Mr Justice Chapman praised the police for the small amount of crime both at the Exhibition and in Christchurch generally. Certainly there had been strict police supervision, but the police themselves knew that the absence of crime was only a marginal consequence of policing, and mostly a product of societal trends. The ‘practically crimeless’ 23 weeks, during which almost two million visits were recorded, was the result (in Inspector John Dwyer’s words) of ‘the character and behaviour of the populace’. Even in frontier areas, social stabilisation was well advanced. When in late 1903 the Premier characterised the social order of the Taumarunui area as being in ‘a most deplorable state’, he was referring only to a degree of slygrogging and some accompanying drunkenness and disorder. Even in the cities, police spent much time investigating whether advertisements for potions for ‘lost manhood’ or cures for ‘diseases affecting the generative organs’ breached the 1892 Offensive Publications Act; or probing a ‘prevalence of promiscuous snowballing of women, children, aged people, and persons in charge of horses’; or stopping urination in the streets. A new Gaming Act had at the end of 1907 at last enabled the police to fully suppress both street betting and organised gambling houses, while later amending legislation was to give them the challenge of controlling bookmaking. 30

The state, through the police, continued to require ever stricter codes of public and private morality, which were attainable because of the increasing degree of social stabilisation. While leisure activities were encouraged, the administration of some of them was being re-examined by the authorities. Boxing, for example, was increasingly frowned upon because of its traditional association with gambling and fraud.

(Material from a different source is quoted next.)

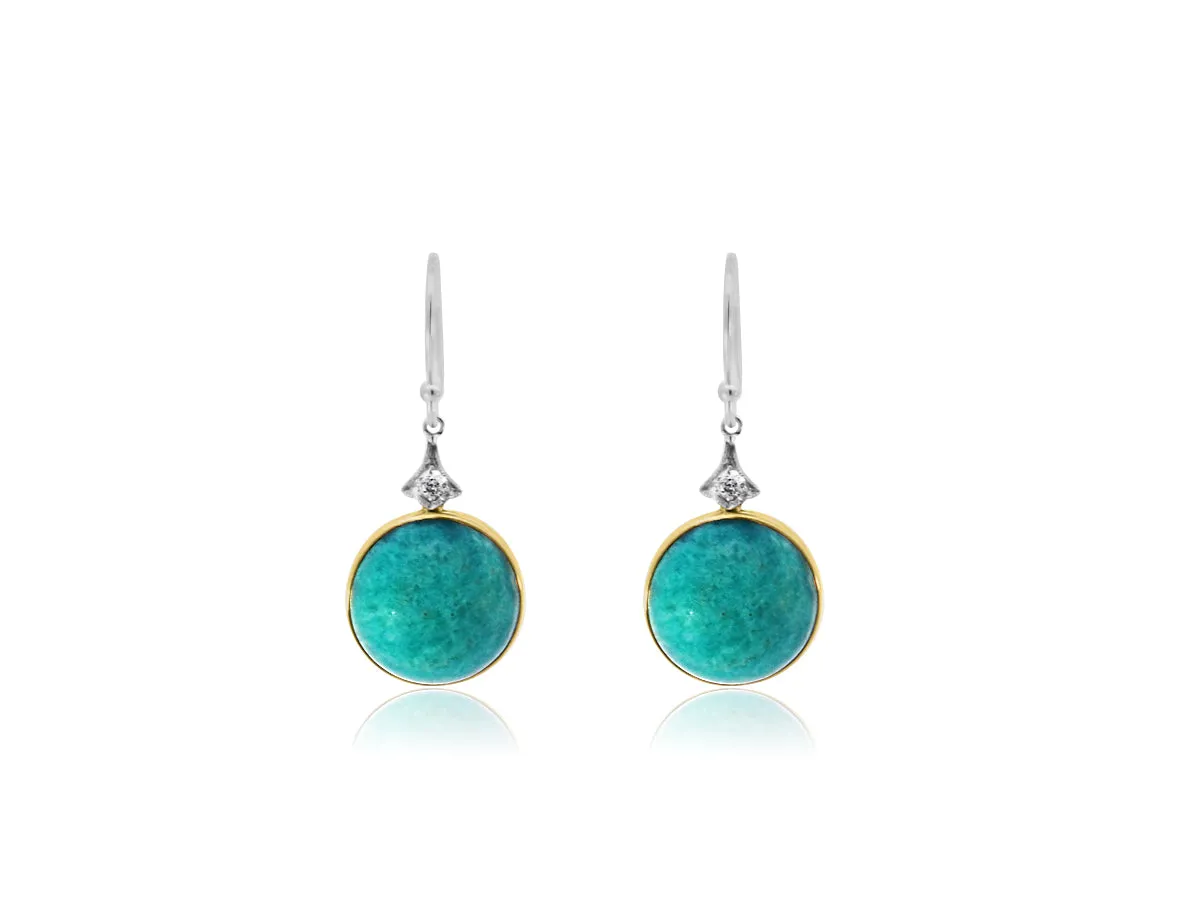 Amazonite Diamond Yellow Gold & Platinum Earrings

In 1906 an Auckland boxing official accused Inspector Cullen of wanting ‘to kill the sport if possible’. Yet Cullen was a former participant in the ‘clean and manly sport’ who merely wanted it controlled ‘within legitimate bounds’, freed of the ‘criminal and hooligan element’ which tended to congregate around it. In the same year he established a ‘physical culture’ class run by wrestling champion Constable Arthur Skinner for the Auckland men.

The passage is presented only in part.